NEW DELHI: The country’s export growth may be on a recovery path after being dented badly by the rupee appreciation. Exports grew 18.52% in July 2007 compared to 14.05% in June, clocking a marginal improvement. It is, however, significantly lower than 40.67% registered in July 2006. In rupee terms, exports managed an improvement of only 3.10%.
The rupee has risen nearly 10% since late 2006, impacting revenue and profitability of export-oriented sectors such as IT and textiles.
Exports in July 2007 increased to $12.49 billion from $10.54 billion in the same month last year.

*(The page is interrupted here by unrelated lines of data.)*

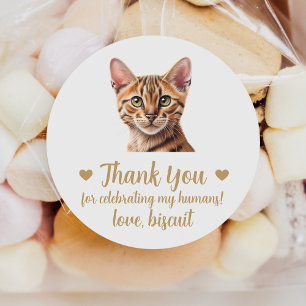 Pegatina Redonda Personalizado Tabby Cat Wedding Favor de los Pegat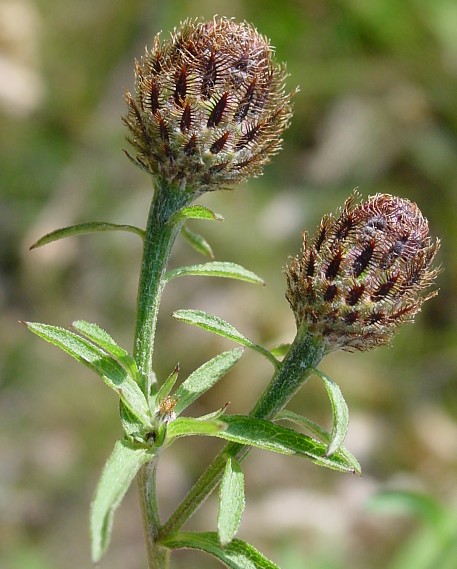 Hain-Flockenblume - Centaurea nigra subsp. nemoralis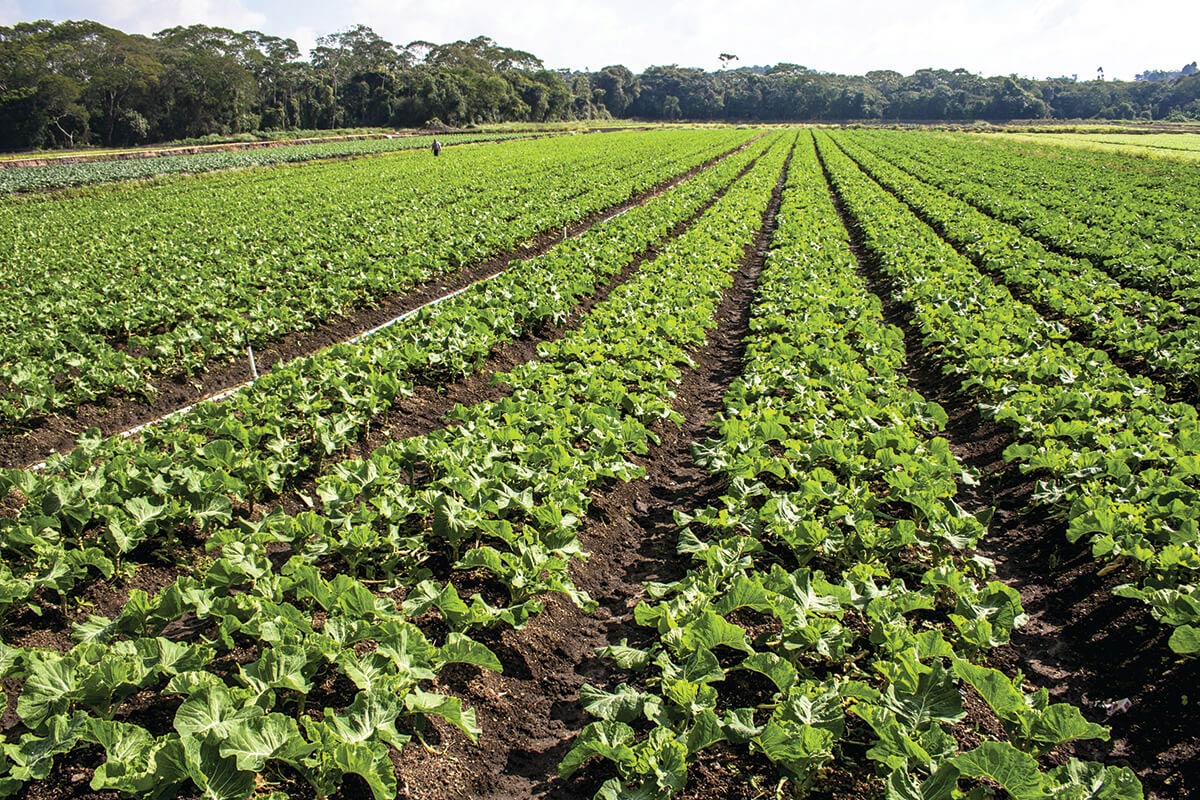 Industries South Carolina Department of Commerce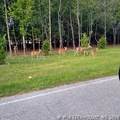 31350 618 Road - Photo 7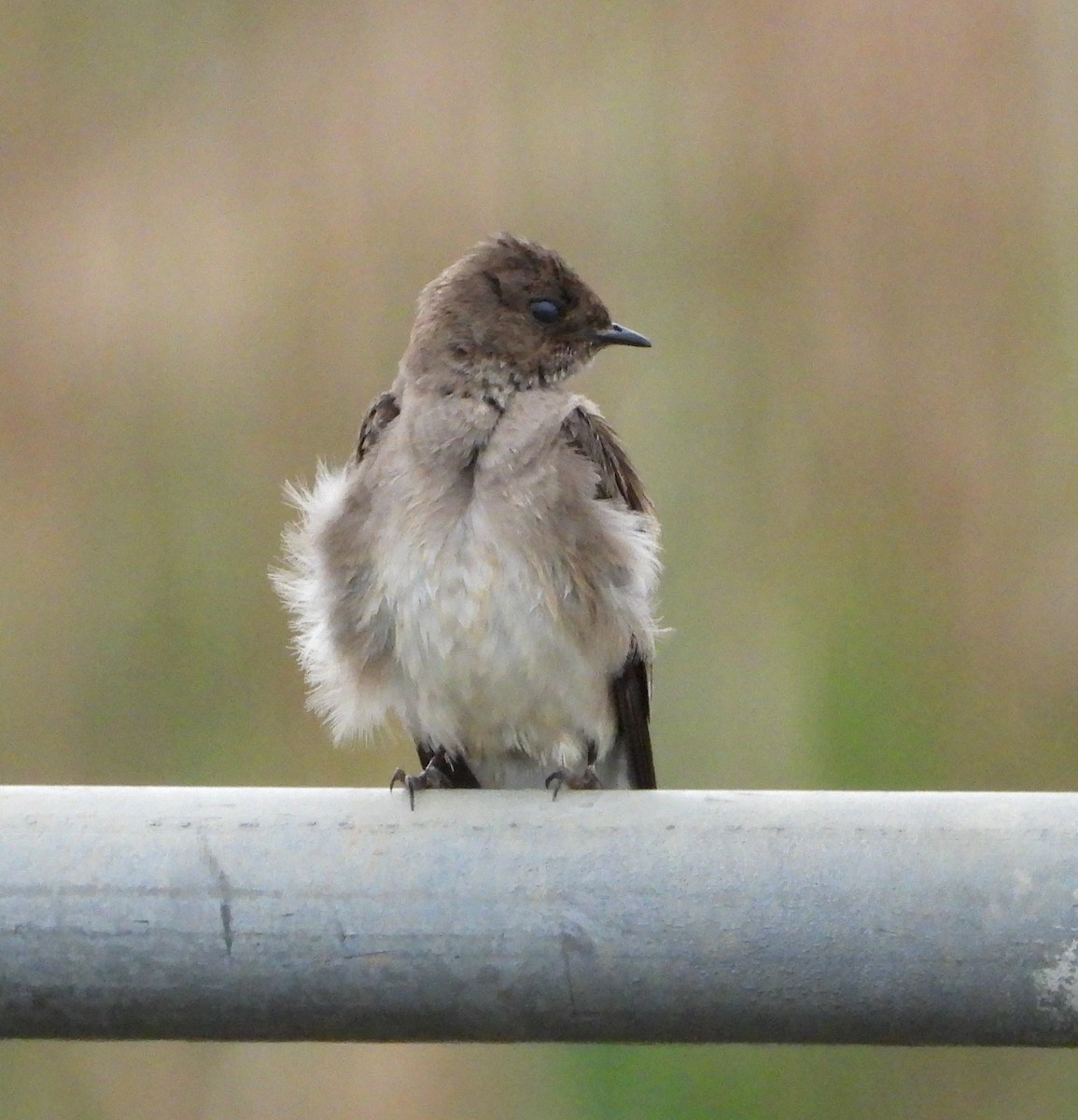 Northern Rough-winged Swallow - ML153639971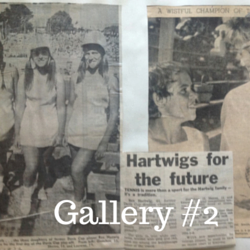 Gallery 2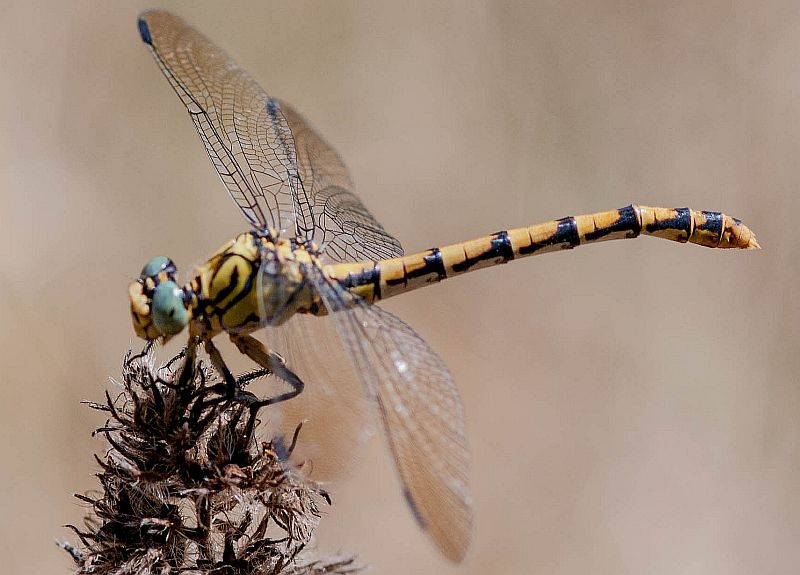 Orthetrum coerulescens F.jpg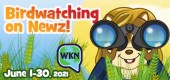 sophie_Lil_birds_WKN_feature sophie_Lil_birds_WKN_feature
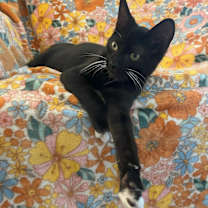 Thumbnail photo of Teddy #4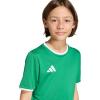 imageadidas Boys Entrada 26 JerseyTeam GreenWhite
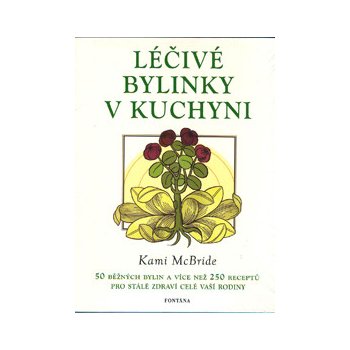 Léčivé bylinky v kuchyni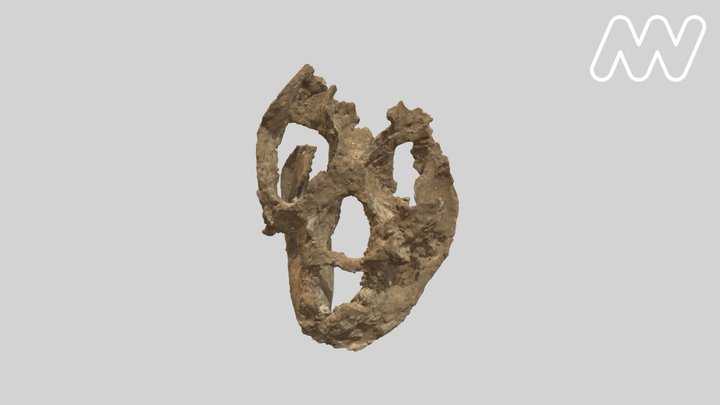 P28417 Procoptodon Skull 3D Model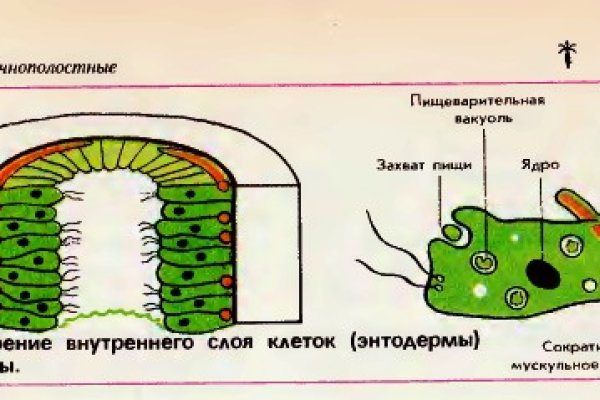 Запрещенный сайт кракен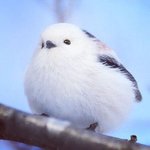 [모두드루와] 와 ㄹㅇ 책이나 시 많이 읽는 거 진심 좋다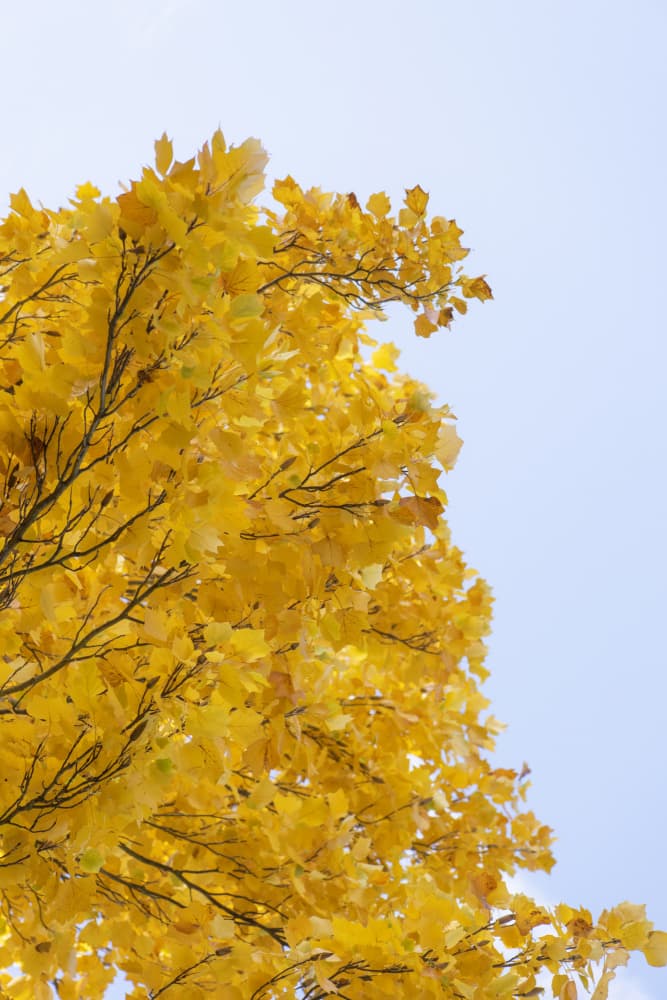 Golden Autumn Leaves by Lynann Colligan — canvas wall art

Imports grew 20.40% to $17.50 billion in July 2007 against $14.54 billion year ago. In rupee terms, imports were up 4.74 %, according to the official trade data released on Monday.
Trade deficit widened to $5.14 billion from $4 billion on the back of higher imports.“Export growth of over 18% shows resilience of our exporters who are able to compete in the world market against all odds,” commerce minister Kamal Nath said. Mr Nath expressed confidence that despite a slow down, the export target of $160 billion for this fiscal would be met.
July usually shows higher numbers on back of advance Christmas sourcing by retail chains in Europe and the US.During April-July, exports were up 18.22% to $46.79 billion from $39.58 billion in the corresponding period previous year. Imports for April-July increased 30.65% to $72.41 billion from $55.42 billion. Trade deficit widened to $25.61 billion in four months under review compared to $15.84 billion in the same period last fiscal.
Non-oil imports increased at a much faster pace of $25.86 million to $12.46 billion in July, than oil imports of $5.04 billion, which grew 8.75%. For the cumulative period of four months, the non-oil imports saw a huge jump of 43.73% to $52.53 billion against an increase of only 5.33% in oil imports for the period.